= WHAT YOU WILL DO =
What lines of the data include the string "Canvas"? Copy them all.

= Extracted records =
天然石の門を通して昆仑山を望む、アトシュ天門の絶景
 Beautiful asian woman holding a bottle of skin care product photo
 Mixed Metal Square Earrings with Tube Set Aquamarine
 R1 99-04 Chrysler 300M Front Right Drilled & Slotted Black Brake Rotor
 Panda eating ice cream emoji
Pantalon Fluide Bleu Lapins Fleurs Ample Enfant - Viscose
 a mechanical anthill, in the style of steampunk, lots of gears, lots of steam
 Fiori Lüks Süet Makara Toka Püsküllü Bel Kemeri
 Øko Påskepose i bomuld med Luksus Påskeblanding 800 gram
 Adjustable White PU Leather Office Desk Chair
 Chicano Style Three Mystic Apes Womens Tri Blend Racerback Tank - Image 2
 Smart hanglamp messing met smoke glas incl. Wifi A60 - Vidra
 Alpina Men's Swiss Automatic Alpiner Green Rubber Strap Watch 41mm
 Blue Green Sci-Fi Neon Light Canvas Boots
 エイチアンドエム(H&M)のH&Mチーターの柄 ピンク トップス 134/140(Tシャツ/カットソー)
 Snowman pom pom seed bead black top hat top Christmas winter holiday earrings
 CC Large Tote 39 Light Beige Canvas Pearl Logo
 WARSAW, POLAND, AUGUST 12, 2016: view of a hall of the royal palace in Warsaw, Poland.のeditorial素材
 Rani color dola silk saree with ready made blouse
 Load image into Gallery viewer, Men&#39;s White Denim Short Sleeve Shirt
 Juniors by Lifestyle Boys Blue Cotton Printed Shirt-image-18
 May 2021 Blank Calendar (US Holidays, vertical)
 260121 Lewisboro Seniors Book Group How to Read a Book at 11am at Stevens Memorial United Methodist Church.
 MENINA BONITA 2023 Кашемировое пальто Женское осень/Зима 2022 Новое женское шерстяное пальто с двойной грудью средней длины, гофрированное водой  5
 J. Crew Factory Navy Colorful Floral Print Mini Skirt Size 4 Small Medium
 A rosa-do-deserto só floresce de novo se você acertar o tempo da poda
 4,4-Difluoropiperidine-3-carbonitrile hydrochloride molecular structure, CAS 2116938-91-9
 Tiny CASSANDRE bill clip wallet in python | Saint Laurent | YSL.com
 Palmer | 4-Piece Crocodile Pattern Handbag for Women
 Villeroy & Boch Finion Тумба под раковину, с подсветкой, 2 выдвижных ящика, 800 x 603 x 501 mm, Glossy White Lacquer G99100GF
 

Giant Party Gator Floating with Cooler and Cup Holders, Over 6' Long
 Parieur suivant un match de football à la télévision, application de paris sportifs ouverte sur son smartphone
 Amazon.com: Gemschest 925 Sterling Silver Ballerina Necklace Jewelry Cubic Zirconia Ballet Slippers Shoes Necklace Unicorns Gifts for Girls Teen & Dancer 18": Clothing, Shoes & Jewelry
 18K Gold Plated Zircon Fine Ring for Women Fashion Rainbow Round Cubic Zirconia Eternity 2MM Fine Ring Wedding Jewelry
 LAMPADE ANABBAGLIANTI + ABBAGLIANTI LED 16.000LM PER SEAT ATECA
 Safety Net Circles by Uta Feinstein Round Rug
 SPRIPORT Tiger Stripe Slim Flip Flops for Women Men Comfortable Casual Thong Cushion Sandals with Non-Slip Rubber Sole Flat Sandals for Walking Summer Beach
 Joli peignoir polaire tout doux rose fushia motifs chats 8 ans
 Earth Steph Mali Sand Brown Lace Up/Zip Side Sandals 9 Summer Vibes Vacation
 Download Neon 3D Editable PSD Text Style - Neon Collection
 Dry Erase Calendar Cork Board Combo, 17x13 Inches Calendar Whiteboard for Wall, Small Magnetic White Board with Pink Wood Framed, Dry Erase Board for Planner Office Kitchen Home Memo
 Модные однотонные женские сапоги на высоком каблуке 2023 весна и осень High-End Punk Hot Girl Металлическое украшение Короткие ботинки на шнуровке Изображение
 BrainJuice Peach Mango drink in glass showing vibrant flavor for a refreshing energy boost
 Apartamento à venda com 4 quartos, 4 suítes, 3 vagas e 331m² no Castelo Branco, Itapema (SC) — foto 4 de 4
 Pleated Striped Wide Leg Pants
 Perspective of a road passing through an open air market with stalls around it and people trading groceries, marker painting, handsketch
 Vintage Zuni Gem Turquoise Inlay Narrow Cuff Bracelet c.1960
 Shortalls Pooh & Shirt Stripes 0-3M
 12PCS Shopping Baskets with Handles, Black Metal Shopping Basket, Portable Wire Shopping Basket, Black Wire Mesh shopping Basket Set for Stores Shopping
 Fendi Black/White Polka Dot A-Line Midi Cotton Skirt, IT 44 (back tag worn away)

= EXPECTED OUTPUT =
 Blue Green Sci-Fi Neon Light Canvas Boots
 CC Large Tote 39 Light Beige Canvas Pearl Logo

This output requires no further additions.